The PAC report said: 'The Government's backing of unproven, first-of-a-kind technology to reach net zero is high risk.
'We are calling on the Government to assess whether its full carbon capture, usage and storage (CCUS) programme will be affordable for taxpayers and consumers, given wider pressures on energy bills and the cost of living.'
The report, based on evidence from multiple experts, points to growing doubts over whether the technology can ever be viable.
It said: 'There are no examples of CCS technology operating at a commercial scale in the UK, meaning the performance of early projects is uncertain.
'Evidence submitted raises concerns that CCS may not capture as much carbon as expected and experience from Norway suggests that performance on the scale expected by the Department for Energy Security and Net Zero is far from guaranteed.'
It added: 'The costs of the CCUS programme are significant: in November 2024 the Government announced £21.7bn of funding over 25 years to cover only the first five CCUS projects.'
Schemes under way include Hynet, designed to capture CO2 from industries in Northwest England and North Wales and pipe it into depleted gas fields in Liverpool Bay; the East Coast Cluster in Teesside and the Humber; and the Acorn project in north-east Scotland.
The report said: 'The Department [of Energy Security and Net Zero] has not indicated the likely cost of these projects. The Department and HM Treasury expect that around 75pc of the cost of supporting these early projects will be met by levies on consumers who are already facing significant financial pressures, with the remainder funded by the Exchequer.'
Responding to the report, Richard Tice, energy spokesman for the Reform Party, said: 'This is another cost threatening to impoverish the UK for a technology that will not work.'
Mr Miliband launched the UK's carbon capture programme last October, with direct support from Sir Keir Starmer and Rachel Reeves.
In a joint statement they said the technology would 'create 4,000 new jobs, sustain important British industry, and help remove over 8.5m tonnes of carbon emissions each year – the equivalent of taking around 4m cars off the road'.
Ms Reeves said carbon capture was 'at the heart of our plan to deliver strong growth and investment, so we can rebuild Britain and make everyone better off'.
Carbon capture forms a key part of Mr Miliband's plans to decarbonise Britain's power system by 2030. It will be relied on to strip up to 30m tonnes of CO2 from UK emissions each year by 2030 – and more than 100m tonnes by 2050.

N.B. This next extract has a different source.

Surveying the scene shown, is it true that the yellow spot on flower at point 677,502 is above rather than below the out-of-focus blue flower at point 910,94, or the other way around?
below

Ministers hope the technology can 'green' power stations and energy-intensive industries that still burn fossil fuels or wood.
Emissions are passed through a process that strips out waste CO2. This is then compressed into a liquid and pumped deep underground for permanent storage, eventually reacting with and becoming part of the surrounding rocks.

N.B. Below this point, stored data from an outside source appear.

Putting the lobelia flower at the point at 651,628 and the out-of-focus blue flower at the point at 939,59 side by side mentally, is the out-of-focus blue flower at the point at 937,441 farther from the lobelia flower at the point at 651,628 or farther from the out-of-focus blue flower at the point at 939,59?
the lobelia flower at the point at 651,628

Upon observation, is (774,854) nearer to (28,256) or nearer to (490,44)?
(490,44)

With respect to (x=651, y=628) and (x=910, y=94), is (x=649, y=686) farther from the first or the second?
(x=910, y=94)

In practice, however, no one has succeeded in developing a full-scale operating carbon capture system, partly because of engineering problems but also because of the huge costs.
Scientists estimate that capturing and burying the CO2 generated by a typical gas-fired power station could absorb 20pc of its energy production.

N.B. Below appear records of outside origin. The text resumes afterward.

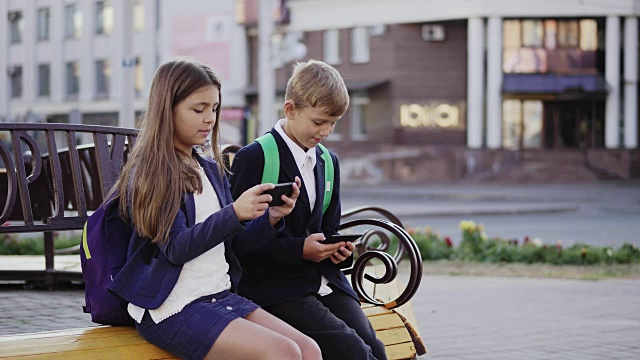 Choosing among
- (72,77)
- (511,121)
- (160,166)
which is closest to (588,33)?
(511,121)

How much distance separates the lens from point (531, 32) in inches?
1768

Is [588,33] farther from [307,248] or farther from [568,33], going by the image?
[307,248]

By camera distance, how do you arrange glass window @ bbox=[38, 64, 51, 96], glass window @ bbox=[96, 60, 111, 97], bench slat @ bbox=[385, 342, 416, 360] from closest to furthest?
bench slat @ bbox=[385, 342, 416, 360] → glass window @ bbox=[96, 60, 111, 97] → glass window @ bbox=[38, 64, 51, 96]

A separate report by the National Audit Office raised similar concerns about the technology last year. It said: 'There is a particular risk associated with the technology being unproven at the scale being planned, and with dependence on specialist expertise and equipment.
'For example, one of the UK emitter projects is planning to build a gas-fired power station with carbon capture, but this would be 40 times larger than any existing examples globally.'
The Department for Energy Security and Net Zero was asked for its response.